Task item:
Starting at the line that holds "Maison à vendre, 152m², Lécousse" and stopping at the line that holds "Ölkənin 19 STEAM", restate the records below word for word, with both of those lines included.

Caption-style text data:
- Opening Delimiter -
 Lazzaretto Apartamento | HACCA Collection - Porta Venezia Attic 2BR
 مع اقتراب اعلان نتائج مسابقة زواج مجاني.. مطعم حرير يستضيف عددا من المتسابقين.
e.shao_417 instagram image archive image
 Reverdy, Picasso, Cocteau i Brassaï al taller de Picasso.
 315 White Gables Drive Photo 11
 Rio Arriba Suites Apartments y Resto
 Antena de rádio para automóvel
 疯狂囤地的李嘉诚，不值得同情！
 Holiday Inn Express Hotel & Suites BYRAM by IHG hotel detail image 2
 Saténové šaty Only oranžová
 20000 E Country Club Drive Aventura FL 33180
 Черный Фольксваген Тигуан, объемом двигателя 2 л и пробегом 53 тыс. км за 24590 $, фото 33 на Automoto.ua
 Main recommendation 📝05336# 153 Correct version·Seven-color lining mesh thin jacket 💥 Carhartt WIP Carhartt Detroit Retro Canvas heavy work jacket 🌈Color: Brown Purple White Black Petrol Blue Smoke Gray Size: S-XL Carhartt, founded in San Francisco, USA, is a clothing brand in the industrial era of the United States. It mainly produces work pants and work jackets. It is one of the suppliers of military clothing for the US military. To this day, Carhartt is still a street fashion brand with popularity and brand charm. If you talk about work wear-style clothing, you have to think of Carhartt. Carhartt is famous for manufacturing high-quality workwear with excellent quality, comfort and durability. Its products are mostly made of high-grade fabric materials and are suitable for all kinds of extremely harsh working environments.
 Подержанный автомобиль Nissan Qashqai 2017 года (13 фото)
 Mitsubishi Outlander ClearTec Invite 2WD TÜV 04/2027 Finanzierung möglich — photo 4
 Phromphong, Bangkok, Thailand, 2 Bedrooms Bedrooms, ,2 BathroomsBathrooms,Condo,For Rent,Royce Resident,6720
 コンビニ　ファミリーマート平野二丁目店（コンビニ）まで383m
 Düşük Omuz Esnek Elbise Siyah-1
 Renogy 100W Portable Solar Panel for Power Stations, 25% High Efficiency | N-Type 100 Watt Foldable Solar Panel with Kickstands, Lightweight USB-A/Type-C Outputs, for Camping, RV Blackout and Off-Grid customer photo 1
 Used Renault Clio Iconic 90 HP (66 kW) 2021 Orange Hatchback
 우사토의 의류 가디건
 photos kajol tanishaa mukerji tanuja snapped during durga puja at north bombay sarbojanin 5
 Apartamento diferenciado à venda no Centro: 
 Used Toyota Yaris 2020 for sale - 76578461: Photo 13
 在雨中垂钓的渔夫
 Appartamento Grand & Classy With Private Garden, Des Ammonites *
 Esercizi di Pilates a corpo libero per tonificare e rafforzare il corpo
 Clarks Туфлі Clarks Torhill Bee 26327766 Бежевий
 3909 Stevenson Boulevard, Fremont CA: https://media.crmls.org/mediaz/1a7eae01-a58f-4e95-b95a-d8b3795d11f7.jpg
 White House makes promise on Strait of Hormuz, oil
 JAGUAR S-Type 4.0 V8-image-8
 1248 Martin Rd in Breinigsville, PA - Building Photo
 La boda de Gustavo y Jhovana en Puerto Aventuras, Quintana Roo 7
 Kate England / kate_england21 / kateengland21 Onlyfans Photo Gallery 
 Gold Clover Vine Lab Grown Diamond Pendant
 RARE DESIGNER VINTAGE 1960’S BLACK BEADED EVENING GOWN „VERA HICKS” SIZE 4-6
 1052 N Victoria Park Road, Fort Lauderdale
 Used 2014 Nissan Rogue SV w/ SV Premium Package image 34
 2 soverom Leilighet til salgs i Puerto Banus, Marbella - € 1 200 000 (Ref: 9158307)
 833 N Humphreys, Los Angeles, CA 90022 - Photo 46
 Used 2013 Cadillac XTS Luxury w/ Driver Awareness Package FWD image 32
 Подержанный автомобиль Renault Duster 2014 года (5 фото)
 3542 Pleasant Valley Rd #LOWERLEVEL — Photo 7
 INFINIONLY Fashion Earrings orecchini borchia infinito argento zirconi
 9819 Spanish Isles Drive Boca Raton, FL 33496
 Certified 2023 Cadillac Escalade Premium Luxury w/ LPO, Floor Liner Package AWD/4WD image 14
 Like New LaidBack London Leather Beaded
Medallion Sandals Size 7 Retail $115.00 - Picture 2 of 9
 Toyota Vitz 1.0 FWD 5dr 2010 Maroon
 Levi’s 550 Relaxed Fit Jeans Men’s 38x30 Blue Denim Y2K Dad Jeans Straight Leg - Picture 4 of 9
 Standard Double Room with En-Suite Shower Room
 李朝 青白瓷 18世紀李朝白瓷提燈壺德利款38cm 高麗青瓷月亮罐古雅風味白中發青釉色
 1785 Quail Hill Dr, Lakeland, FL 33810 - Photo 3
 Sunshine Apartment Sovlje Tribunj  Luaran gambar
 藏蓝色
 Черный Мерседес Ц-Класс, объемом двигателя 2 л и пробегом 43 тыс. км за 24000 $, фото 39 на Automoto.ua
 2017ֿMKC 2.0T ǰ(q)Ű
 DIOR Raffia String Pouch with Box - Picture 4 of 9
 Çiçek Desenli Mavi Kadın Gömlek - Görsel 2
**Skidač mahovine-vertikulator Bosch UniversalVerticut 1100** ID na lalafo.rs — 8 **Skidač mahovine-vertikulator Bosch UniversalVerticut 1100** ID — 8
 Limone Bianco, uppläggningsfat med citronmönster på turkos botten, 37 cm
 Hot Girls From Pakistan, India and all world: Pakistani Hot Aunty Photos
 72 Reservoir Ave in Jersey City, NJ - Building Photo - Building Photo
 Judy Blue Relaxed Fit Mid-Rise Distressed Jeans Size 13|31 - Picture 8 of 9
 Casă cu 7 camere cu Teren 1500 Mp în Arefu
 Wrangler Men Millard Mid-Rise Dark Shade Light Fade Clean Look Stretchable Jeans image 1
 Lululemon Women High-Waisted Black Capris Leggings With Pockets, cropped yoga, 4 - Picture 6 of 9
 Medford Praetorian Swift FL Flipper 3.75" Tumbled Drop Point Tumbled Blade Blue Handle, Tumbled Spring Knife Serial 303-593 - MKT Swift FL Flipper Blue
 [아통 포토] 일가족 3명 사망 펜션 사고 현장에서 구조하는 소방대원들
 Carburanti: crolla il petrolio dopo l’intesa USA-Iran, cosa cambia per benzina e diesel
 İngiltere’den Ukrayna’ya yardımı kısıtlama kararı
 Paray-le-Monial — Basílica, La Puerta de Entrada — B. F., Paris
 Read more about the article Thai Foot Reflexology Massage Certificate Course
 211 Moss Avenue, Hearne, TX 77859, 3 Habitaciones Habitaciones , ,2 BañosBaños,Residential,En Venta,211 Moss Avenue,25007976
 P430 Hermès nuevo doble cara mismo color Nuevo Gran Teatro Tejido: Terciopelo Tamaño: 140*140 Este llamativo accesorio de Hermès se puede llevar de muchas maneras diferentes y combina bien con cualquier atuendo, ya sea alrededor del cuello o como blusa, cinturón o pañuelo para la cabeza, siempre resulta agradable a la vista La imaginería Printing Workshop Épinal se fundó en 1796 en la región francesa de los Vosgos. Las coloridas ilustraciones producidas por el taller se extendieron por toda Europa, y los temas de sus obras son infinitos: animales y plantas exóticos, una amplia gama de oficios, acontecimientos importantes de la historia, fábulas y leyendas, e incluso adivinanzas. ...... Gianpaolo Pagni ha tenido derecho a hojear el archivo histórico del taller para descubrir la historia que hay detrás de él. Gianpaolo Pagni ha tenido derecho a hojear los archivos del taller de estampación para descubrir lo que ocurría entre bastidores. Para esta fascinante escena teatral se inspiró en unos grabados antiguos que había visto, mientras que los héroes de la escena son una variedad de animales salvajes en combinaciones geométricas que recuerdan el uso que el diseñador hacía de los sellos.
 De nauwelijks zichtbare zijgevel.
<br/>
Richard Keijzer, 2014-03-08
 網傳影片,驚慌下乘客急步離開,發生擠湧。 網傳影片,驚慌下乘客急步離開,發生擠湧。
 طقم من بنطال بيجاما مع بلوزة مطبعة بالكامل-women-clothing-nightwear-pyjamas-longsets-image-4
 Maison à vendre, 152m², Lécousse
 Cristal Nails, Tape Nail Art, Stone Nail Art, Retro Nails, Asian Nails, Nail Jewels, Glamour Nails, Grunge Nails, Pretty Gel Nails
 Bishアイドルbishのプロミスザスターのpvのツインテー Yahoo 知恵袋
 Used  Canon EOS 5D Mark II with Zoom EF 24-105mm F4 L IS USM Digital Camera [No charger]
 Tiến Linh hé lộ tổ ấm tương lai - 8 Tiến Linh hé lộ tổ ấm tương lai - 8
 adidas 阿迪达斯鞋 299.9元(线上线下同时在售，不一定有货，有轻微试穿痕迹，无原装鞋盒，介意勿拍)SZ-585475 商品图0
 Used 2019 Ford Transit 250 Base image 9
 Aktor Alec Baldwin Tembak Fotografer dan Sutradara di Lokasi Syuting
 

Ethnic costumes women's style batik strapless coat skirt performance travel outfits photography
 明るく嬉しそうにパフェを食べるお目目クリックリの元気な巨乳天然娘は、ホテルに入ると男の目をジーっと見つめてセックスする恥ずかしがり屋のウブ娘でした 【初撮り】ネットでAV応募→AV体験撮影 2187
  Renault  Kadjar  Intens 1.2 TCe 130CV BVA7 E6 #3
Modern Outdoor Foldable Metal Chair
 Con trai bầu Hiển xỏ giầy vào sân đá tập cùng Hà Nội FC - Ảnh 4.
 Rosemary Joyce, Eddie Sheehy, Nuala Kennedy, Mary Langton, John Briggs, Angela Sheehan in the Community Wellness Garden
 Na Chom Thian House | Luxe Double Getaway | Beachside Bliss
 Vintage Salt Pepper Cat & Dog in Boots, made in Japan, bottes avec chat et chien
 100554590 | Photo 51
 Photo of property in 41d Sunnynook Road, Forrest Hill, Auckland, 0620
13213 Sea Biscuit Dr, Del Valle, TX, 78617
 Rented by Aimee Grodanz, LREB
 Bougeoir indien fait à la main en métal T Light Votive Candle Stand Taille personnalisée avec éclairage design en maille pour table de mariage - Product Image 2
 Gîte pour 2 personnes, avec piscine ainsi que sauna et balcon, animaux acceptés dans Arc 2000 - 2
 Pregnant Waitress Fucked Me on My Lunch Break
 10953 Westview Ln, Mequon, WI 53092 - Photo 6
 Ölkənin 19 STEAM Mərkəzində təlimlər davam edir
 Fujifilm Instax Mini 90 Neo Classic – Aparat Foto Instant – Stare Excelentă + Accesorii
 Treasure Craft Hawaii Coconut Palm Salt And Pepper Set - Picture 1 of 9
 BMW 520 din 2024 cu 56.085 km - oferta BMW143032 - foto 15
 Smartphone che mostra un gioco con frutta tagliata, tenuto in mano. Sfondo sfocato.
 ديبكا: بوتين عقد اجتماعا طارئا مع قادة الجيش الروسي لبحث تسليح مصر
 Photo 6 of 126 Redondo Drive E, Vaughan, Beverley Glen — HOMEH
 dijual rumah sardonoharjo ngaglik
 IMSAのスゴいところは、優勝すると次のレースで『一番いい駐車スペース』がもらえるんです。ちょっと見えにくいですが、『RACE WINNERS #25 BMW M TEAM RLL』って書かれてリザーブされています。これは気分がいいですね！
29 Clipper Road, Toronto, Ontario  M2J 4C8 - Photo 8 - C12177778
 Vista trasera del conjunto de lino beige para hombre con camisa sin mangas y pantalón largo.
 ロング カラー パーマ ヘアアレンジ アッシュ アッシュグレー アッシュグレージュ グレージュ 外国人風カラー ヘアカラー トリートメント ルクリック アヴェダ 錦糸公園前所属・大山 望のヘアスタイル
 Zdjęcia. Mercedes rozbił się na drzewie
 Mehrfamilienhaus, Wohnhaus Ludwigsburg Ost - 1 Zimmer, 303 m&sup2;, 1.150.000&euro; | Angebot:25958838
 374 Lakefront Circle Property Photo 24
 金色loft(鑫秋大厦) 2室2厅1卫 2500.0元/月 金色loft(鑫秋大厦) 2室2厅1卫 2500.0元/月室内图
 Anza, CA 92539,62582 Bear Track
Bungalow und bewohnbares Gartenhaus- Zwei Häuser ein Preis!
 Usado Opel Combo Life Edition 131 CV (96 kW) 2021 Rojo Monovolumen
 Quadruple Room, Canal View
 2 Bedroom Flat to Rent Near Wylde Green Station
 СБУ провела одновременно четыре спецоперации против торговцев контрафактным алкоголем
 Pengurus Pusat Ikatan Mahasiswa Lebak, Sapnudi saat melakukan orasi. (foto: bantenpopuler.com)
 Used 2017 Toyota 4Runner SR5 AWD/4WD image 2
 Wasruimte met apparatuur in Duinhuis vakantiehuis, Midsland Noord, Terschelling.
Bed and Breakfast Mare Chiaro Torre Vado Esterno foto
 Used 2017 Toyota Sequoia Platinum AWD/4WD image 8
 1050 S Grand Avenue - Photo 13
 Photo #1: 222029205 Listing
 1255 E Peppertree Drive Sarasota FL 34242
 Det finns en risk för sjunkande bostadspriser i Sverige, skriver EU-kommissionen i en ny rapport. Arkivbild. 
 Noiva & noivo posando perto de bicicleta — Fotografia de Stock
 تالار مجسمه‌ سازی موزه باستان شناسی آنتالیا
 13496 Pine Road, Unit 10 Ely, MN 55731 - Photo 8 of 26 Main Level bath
- Closing Delimiter -
Task output:
 Maison à vendre, 152m², Lécousse
 Cristal Nails, Tape Nail Art, Stone Nail Art, Retro Nails, Asian Nails, Nail Jewels, Glamour Nails, Grunge Nails, Pretty Gel Nails
 Bishアイドルbishのプロミスザスターのpvのツインテー Yahoo 知恵袋
 Used  Canon EOS 5D Mark II with Zoom EF 24-105mm F4 L IS USM Digital Camera [No charger]
 Tiến Linh hé lộ tổ ấm tương lai - 8 Tiến Linh hé lộ tổ ấm tương lai - 8
 adidas 阿迪达斯鞋 299.9元(线上线下同时在售，不一定有货，有轻微试穿痕迹，无原装鞋盒，介意勿拍)SZ-585475 商品图0
 Used 2019 Ford Transit 250 Base image 9
 Aktor Alec Baldwin Tembak Fotografer dan Sutradara di Lokasi Syuting
 

Ethnic costumes women's style batik strapless coat skirt performance travel outfits photography
 明るく嬉しそうにパフェを食べるお目目クリックリの元気な巨乳天然娘は、ホテルに入ると男の目をジーっと見つめてセックスする恥ずかしがり屋のウブ娘でした 【初撮り】ネットでAV応募→AV体験撮影 2187
  Renault  Kadjar  Intens 1.2 TCe 130CV BVA7 E6 #3
Modern Outdoor Foldable Metal Chair
 Con trai bầu Hiển xỏ giầy vào sân đá tập cùng Hà Nội FC - Ảnh 4.
 Rosemary Joyce, Eddie Sheehy, Nuala Kennedy, Mary Langton, John Briggs, Angela Sheehan in the Community Wellness Garden
 Na Chom Thian House | Luxe Double Getaway | Beachside Bliss
 Vintage Salt Pepper Cat & Dog in Boots, made in Japan, bottes avec chat et chien
 100554590 | Photo 51
 Photo of property in 41d Sunnynook Road, Forrest Hill, Auckland, 0620
13213 Sea Biscuit Dr, Del Valle, TX, 78617
 Rented by Aimee Grodanz, LREB
 Bougeoir indien fait à la main en métal T Light Votive Candle Stand Taille personnalisée avec éclairage design en maille pour table de mariage - Product Image 2
 Gîte pour 2 personnes, avec piscine ainsi que sauna et balcon, animaux acceptés dans Arc 2000 - 2
 Pregnant Waitress Fucked Me on My Lunch Break
 10953 Westview Ln, Mequon, WI 53092 - Photo 6
 Ölkənin 19 STEAM Mərkəzində təlimlər davam edir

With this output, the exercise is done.